■ **WHAT IS BEING ASKED**: The material below contains a line with "Dark red ladybug" and a line with "Witness, an original". Copy exactly those two lines and all lines between them.

:: SUPPLIED RECORDS ::

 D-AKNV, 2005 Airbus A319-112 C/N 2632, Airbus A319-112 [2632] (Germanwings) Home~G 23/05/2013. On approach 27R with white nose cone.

:::
:: SUPPLIED RECORDS ::

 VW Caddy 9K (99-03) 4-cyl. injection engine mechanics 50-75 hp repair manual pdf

:::
:: SUPPLIED RECORDS ::

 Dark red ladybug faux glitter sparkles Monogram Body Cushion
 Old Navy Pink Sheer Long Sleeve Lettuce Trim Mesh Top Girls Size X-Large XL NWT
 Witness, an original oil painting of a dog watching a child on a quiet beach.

:::

■ **YOUR RESPONSE**:
 Dark red ladybug faux glitter sparkles Monogram Body Cushion
 Old Navy Pink Sheer Long Sleeve Lettuce Trim Mesh Top Girls Size X-Large XL NWT
 Witness, an original oil painting of a dog watching a child on a quiet beach.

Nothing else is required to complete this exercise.